Materials provided
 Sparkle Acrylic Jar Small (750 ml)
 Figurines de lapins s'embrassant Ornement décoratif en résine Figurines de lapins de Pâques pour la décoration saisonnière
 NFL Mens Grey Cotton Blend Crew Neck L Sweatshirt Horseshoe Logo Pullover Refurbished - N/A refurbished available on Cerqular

==

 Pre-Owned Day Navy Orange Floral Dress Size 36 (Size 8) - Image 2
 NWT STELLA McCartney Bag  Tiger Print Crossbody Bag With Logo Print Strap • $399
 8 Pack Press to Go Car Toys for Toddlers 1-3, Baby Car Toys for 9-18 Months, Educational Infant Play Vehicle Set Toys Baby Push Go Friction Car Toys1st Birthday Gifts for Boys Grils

Work to be completed
Search the listing above for the lines with "Figurines de lapins s'embrassant" and "NFL Mens Grey", then output those lines and all lines between them exactly.

Answer space
 Figurines de lapins s'embrassant Ornement décoratif en résine Figurines de lapins de Pâques pour la décoration saisonnière
 NFL Mens Grey Cotton Blend Crew Neck L Sweatshirt Horseshoe Logo Pullover Refurbished - N/A refurbished available on Cerqular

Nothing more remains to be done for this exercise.